This repository contains the PyTorch implementation for the paper ZeroQ: A Novel Zero-Shot Quantization Framework.
# Code is based on PyTorch 1.2 (Cuda10). Other dependancies could be installed as follows:
pip install -r requirements.txt --user
# Set a symbolic link to ImageNet validation data (used only to evaluate model)
mkdir data
ln -s /path/to/imagenet/ data/
The folder structures should be the same as following
zeroq
├── utils
├── data
│ ├── imagenet
│ │ ├── val
Afterwards you can test Zero Shot quantization with W8A8 by running:
bash run.sh
Below are the results that you should get for 8-bit quantization (W8A8 refers to the quantizing model to 8-bit weights and 8-bit activations).

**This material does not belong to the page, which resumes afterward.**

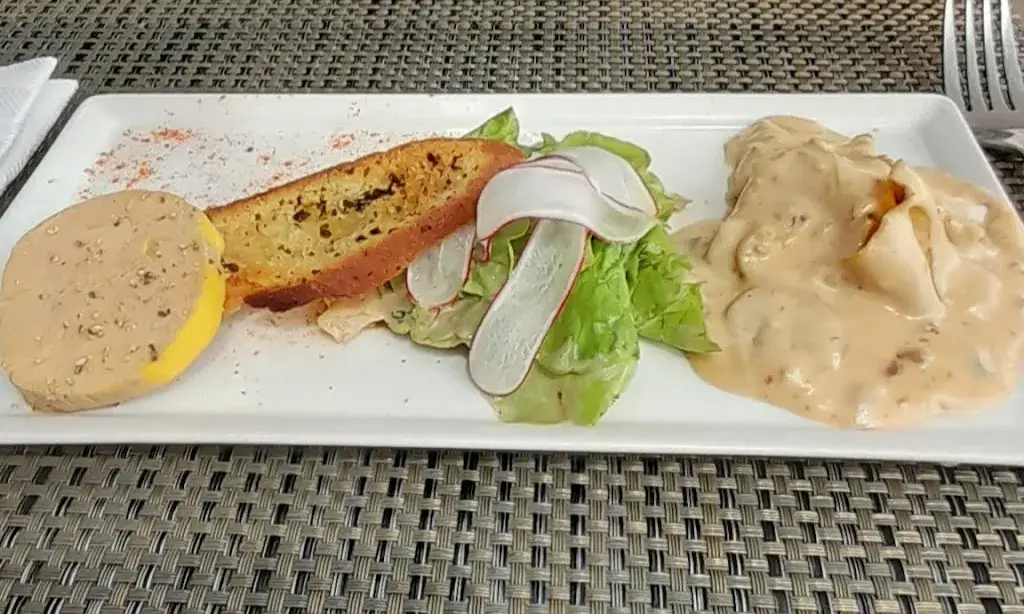 Christelle Sauvage_La Table de K'na_Agde_review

Models | Single Precision Top-1 | W8A8 Top-1 |
---|---|---|
ResNet18 | 71.47 | 71.43 |
ResNet50 | 77.72 | 77.67 |
InceptionV3 | 78.88 | 78.72 |
MobileNetV2 | 73.03 | 72.91 |
ShuffleNet | 65.07 | 64.94 |
SqueezeNext | 69.38 | 69.17 |
- You can test a single model using the following command:
export CUDA_VISIBLE_DEVICES=0
python uniform_test.py [--dataset] [--model] [--batch_size] [--test_batch_size]
optional arguments:
--dataset type of dataset (default: imagenet)

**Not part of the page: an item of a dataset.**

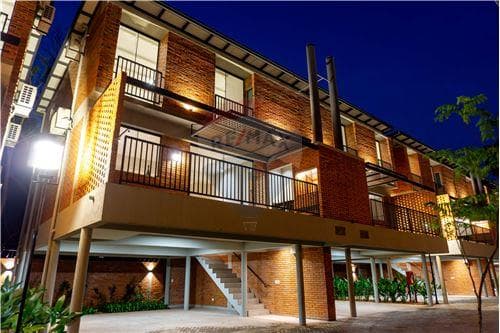 Alquilo vivienda en Town Houses Laguna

--model model to be quantized (default: resnet18)
--batch-size batch size of distilled data (default: 64)
--test-batch-size batch size of test data (default: 512)
ZeroQ has been developed as part of the following paper. We appreciate it if you would please cite the following paper if you found the implementation useful for your work:
Y. Cai, Z. Yao, Z. Dong, A. Gholami, M. W. Mahoney, K. Keutzer. ZeroQ: A Novel Zero Shot Quantization Framework, under review [PDF].